Monty lasted thirteen years. The children edged into their teenage years, there was a divorce, the children finished school, I remarried, we moved house. Changes. Monty went along with all this and never complained and sat quietly in between walks - on my chair if I wasn't in it - and hardly ever even shed hair. Although he did eat my dinner once, and another time chewed up a brand new pair of ASICS Tiger Excalibur-GT running shoes, the very best running shoe in history, bar none.
Brittanies have boundless energy. Monty would run ten kilometres. I knew: I ran with him. In the old days. Except he zig-zagged, so he probably ran twenty.
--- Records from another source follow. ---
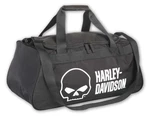 Harley-davidson Willie Skull Logo Duffel Bag W/ Side Shoe Pocket Black 90331. Fixed Price $37.99.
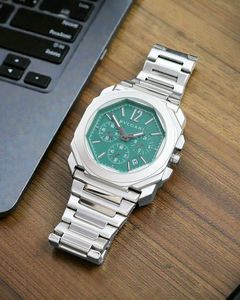 BVLGARI Octo Chronograph Watch Serpenti Tubogas 10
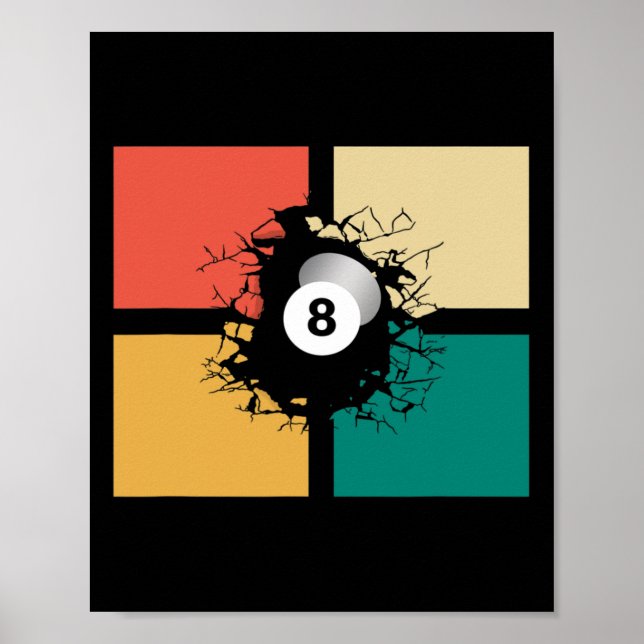 Poster Roupa de Bilhares - Bilhares (Frente)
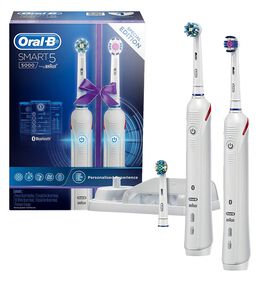 Smart 5000 Electric Toothbrush with 2 Handles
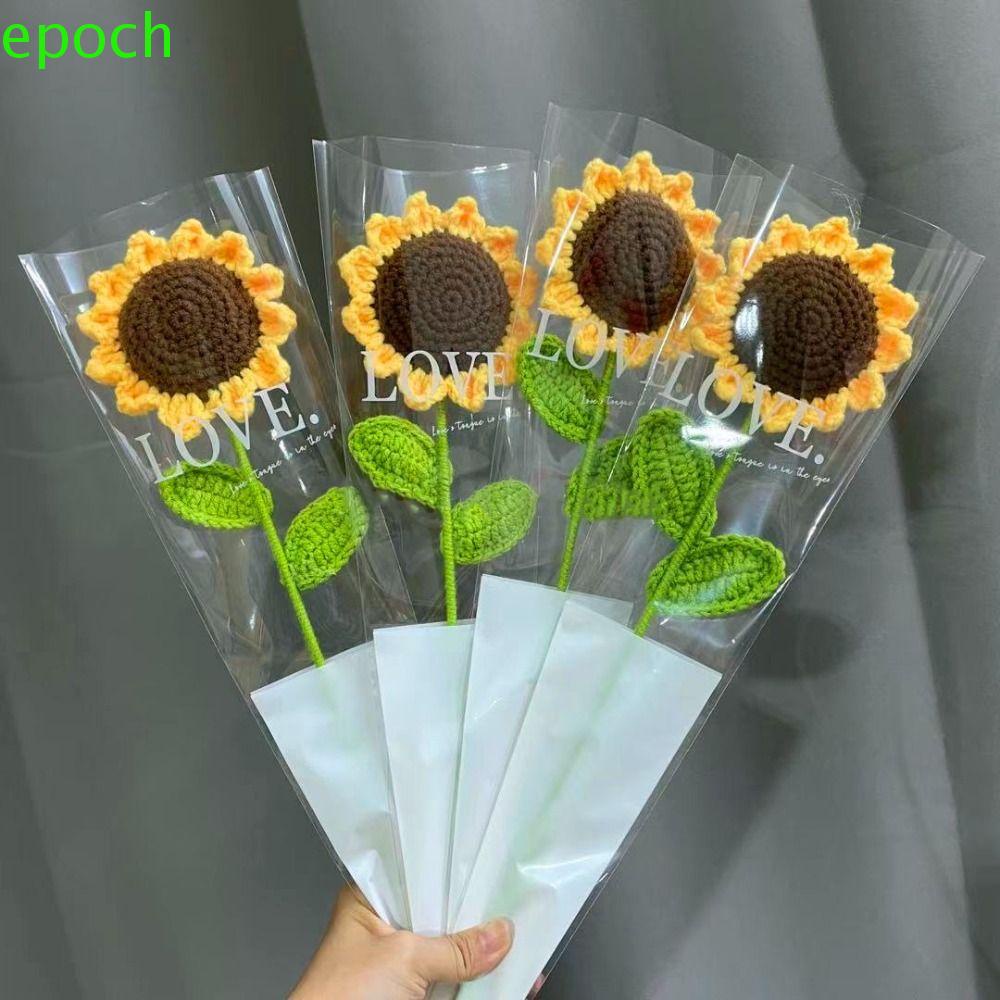 Epoch Bó Hoa Hướng Dương Giả Màu Trơn Không Phai Dùng Trang Trí DIY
Then, suddenly one day he was old and he faded, and succumbed to kidney disease in early summer 2000. You get attached to a dog that has accompanied you on long journeys, and not just foot ones. I was going to spread his ashes in one of his favourite places, but I couldn't decide whether that was Princes Park, Merri Creek or the beach. So I didn't. He sat on a shelf instead. In one of those jars the pet crematorium people give you, with flowery pictures and your dog's name in an ornate script. Except 'Monty' always looked wrong in an ornate script. He was a Times New Roman kind of dog. Bold.
On Sunday I planted a new rose in the garden, and you know the rest. This house is two doors up from the old one. We moved back into this street in 2005 after five years away. Now Monty is in the front garden of the house he used to trot past at the start of his walks; and next to the house where his friend the one-eyed chihuahua lived.